For those of you wondering about the unusual nature of this post's title, it is a reference to the translation of the name Rumpelstiltskin, which itself is translated from Rumpelstilzchen, referring to a goblin of German lore that rattles or raps on gate posts and wooden planks as a means of inducing fright or annoyance. The origin of the name has less to do with the fairy tale it inspired than with a similarly behaving spirit that is more commonly known today by the name "poltergeist," a ghost that clatters and moves household objects. Fun, obscure facts, I've got them. On to the issue at hand.

GFT #4: Rumpelstiltskin
Knowing what I know now, this issue blew me away on so many levels.
So, it starts with a girl named Milly (because the miller’s daughter, get it?) who is pregnant, and her selfish jock boyfriend Eric, who wants her to get an abortion or sell her baby to his friend Jimmy, who “knows this agency” (as of this second reading, I could practically hear the capital-A, and I got chills from it).
Enter Sela Mathers again (whom I forgot to mention also has the ability to read minds or souls or something, and instantly knows everything about the person she’s about to talk to) with a fairy tale about a girl who agrees to give up her baby to the titular imp. Through a signature GFT twist, the maiden Miller’s son becomes the new Rumpelstiltskin.
The framing scenario this issue ends on a single page with one bubble of dialogue (seen on the right), but the imagery and the--revealed much later--backstory speak volumes. Skip the next paragraph if you'd like to read those volumes yourself.

SPOILER ALERT: It turns out, in the course of events in the Grimm Universe, that there is an Agency. And it’s evil. It takes kids from their parents and turns those kids into monsters.

I guess this technically counts as a SPOILER, too. But it's sort of worth spoiling at the expense of appreciating the final page of Rumpelstiltskin that much more. It will be revealed (again, now that you've committed to reading this sentence) later that Sela had a child taken from her earlier in her life, and that the ominous-capital-Agency, is responsible.
But, WAIT! Sela’s good now? Confusion! Guess I’ll have to sleep on it for a hundred years or so. Or, at least until someone wakes me up.

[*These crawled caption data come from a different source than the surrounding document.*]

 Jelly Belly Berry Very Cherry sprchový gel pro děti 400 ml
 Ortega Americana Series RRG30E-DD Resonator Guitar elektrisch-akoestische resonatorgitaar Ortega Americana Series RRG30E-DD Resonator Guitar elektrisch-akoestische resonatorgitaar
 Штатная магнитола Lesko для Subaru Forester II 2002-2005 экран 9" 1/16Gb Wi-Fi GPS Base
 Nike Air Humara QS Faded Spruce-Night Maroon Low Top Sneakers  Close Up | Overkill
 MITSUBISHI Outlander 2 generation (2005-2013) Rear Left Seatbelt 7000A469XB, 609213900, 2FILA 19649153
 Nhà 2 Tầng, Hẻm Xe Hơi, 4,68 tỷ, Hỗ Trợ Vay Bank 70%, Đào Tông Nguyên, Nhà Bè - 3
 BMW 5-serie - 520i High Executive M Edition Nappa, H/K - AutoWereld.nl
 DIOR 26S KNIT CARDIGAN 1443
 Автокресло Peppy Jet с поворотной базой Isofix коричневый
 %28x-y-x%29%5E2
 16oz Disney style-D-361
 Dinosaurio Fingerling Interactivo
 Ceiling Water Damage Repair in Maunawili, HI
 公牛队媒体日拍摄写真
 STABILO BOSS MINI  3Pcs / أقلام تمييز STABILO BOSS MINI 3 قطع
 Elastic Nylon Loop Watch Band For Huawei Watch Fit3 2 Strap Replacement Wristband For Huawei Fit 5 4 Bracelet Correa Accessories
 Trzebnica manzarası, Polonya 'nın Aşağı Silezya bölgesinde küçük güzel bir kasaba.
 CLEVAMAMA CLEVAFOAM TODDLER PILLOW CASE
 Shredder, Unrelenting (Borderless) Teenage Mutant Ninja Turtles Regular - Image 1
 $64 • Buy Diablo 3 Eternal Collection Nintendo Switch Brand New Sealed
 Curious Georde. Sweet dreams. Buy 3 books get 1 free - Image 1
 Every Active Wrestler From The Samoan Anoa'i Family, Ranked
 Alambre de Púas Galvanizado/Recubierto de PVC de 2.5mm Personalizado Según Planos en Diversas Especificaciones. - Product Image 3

If you didn't catch the plug there, next issue will be devoted to Sleeping Beauty. Before I go, however, I feel I must leave you with the following words of Rumpelstiltskin-relevant wisdom:
People make mistakes. And, as parents are people, parents logically make mistakes, too. One mistake a parent should never make, however, is to tell their child that he or she was one of those mistakes. It doesn't matter if you say it directly or say something that someone with a grasp of English and logic structures can parse that meaning from.
Never. Tell. Your. Child. That.
Children may be unexpected, difficult, annoying, messy, loud, spoiled, and inappropriate, but they are not mistakes, failures, idiots, sources of weakness, curses, nor in any way unwanted. They are fresh, innocent, brilliant avatars of the future, and if the future is a mistake, then we are all doomed.